Q3 (a)What information is used by a process running on one host to identify a process running on another host? The IP address of the destination hosts and the port numbers of the destination socket. (b)Describe why Web caching can reduce the delay in receiving a requested object. By storing previously retrieved objects, Web caching can reduce object-retrieval delays and diminish the amount of Web traffic sent over the Internet. A Web cache can substantially reduce the response time for a client request, particularly if the bottleneck bandwidth between the client and the origin server is much less than the bottleneck bandwidth between the client and the cache. If there is a high-speed connection between the client and the cache, as there often is, and if the cache has the requested object, then the cache will be able to rapidly deliver the object to the client. (c)Compare the operation of HTTP persistent and HTTP non-persistent connections. In your answer discuss the impact of each method on the operation of the transport protocol for the connection. In HTTP non-persistent connections, each TCP connection is closed after the server sends the object -- the connection does not persist for other objects. Note that each TCP connection transports exactly one request message and one response message. Non-persistent connections have some shortcomings. First, a brand new connection must be established and maintained for each requested object. For each of these connections, TCP buffers must be allocated and TCP variables must be kept in both the client and server. This can place a serious burden on the Web server, which may be serving requests from hundreds of different clients simultaneously. Second, as we just described, each object suffers two RTTs -- one RTT to establish the TCP connection and one RTT to request and receive an object. Finally, each object suffers from TCP slow start because every TCP connection begins with a TCP slow-start phase. However, the accumulation of RTT and slow start delays is partially alleviated by the use of parallel TCP connections.

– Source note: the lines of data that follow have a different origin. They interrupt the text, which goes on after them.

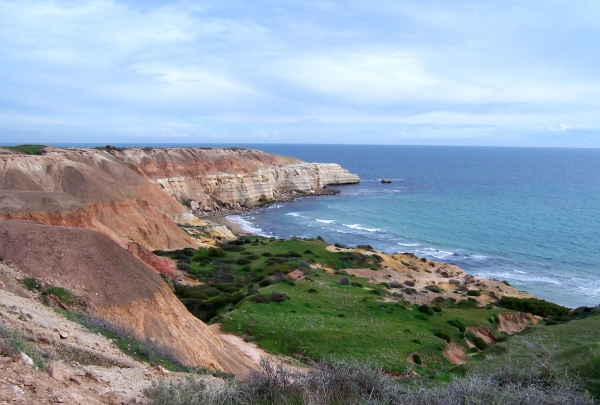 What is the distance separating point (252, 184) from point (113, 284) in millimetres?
84014

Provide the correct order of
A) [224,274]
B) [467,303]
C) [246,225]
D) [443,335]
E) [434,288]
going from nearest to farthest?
[443,335] → [467,303] → [224,274] → [434,288] → [246,225]

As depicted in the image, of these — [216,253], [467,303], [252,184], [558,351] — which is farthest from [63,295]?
[252,184]

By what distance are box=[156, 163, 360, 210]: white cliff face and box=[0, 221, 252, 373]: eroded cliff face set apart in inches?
2592

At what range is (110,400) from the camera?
914cm

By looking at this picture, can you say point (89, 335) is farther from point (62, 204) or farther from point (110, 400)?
point (62, 204)

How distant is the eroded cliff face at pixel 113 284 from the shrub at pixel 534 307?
91.9ft

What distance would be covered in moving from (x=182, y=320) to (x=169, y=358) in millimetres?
4421

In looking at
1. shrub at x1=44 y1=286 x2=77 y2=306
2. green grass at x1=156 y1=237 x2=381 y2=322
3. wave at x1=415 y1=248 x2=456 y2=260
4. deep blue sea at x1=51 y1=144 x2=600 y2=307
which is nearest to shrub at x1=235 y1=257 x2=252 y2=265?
green grass at x1=156 y1=237 x2=381 y2=322

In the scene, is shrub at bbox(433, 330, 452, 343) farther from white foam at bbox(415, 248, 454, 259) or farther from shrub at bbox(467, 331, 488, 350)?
white foam at bbox(415, 248, 454, 259)

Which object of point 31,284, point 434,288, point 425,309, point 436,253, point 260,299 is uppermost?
point 31,284

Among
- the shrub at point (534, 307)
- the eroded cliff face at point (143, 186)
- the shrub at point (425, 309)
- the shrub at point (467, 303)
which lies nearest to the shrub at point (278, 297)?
the shrub at point (425, 309)

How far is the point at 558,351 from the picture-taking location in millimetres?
18906

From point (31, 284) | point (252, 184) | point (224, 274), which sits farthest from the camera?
point (252, 184)

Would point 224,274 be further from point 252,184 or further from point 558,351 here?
point 252,184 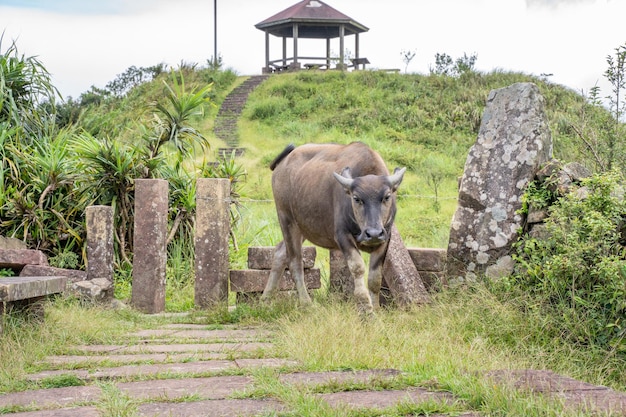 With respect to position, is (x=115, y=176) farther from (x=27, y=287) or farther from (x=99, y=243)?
(x=27, y=287)

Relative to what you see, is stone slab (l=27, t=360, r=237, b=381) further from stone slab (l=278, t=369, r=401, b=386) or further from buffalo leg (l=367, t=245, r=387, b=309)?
buffalo leg (l=367, t=245, r=387, b=309)

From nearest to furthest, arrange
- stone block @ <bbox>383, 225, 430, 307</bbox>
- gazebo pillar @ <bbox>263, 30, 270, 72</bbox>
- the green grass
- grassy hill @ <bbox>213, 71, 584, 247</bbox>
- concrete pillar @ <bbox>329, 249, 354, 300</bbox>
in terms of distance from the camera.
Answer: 1. the green grass
2. stone block @ <bbox>383, 225, 430, 307</bbox>
3. concrete pillar @ <bbox>329, 249, 354, 300</bbox>
4. grassy hill @ <bbox>213, 71, 584, 247</bbox>
5. gazebo pillar @ <bbox>263, 30, 270, 72</bbox>

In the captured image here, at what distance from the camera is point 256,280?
8.34m

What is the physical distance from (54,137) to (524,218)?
25.0ft

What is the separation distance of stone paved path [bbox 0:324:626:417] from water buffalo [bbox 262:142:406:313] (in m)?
1.63

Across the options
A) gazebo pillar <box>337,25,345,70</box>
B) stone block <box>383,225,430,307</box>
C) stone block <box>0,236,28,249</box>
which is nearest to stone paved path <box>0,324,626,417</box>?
stone block <box>383,225,430,307</box>

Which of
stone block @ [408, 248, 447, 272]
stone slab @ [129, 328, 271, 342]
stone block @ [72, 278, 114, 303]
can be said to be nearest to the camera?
stone slab @ [129, 328, 271, 342]

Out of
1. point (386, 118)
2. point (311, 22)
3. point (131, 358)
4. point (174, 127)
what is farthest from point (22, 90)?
point (311, 22)

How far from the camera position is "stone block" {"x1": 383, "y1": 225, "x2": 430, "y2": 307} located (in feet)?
24.0

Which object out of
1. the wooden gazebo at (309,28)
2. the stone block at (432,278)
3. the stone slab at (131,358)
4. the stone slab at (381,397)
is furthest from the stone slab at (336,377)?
the wooden gazebo at (309,28)

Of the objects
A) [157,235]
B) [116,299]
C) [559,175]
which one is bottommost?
[116,299]

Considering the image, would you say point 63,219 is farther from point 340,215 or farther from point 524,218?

With persistent connections, the server leaves the TCP connection open after sending responses. Subsequent requests and responses between the same client and server can be sent over the same connection. In particular, an entire Web page (in the example above, the base HTML file and the ten images) can be sent over a single persistent TCP connection; moreover, multiple Web pages residing on the same server can be sent over one persistent TCP connection. (d)Adaptive applications are designed to adapt to the currently available bandwidth and to variations in packet delay experienced in the network. Discuss the impact of adaptive applications on the Quality of Service the user experiences. Due to human perceptual factors, those minimal levels of bandwidth are not very useful, so that at low bandwidths the marginal utility of additional bandwidth is fairly small. Similarly, at high bandwidths the signal quality is quite good and so the marginal utility of additional bandwidth at high bandwidths is also small. At intermediate levels, when the signal quality first starts to be viable, the marginal utility of extra bandwidth is significant.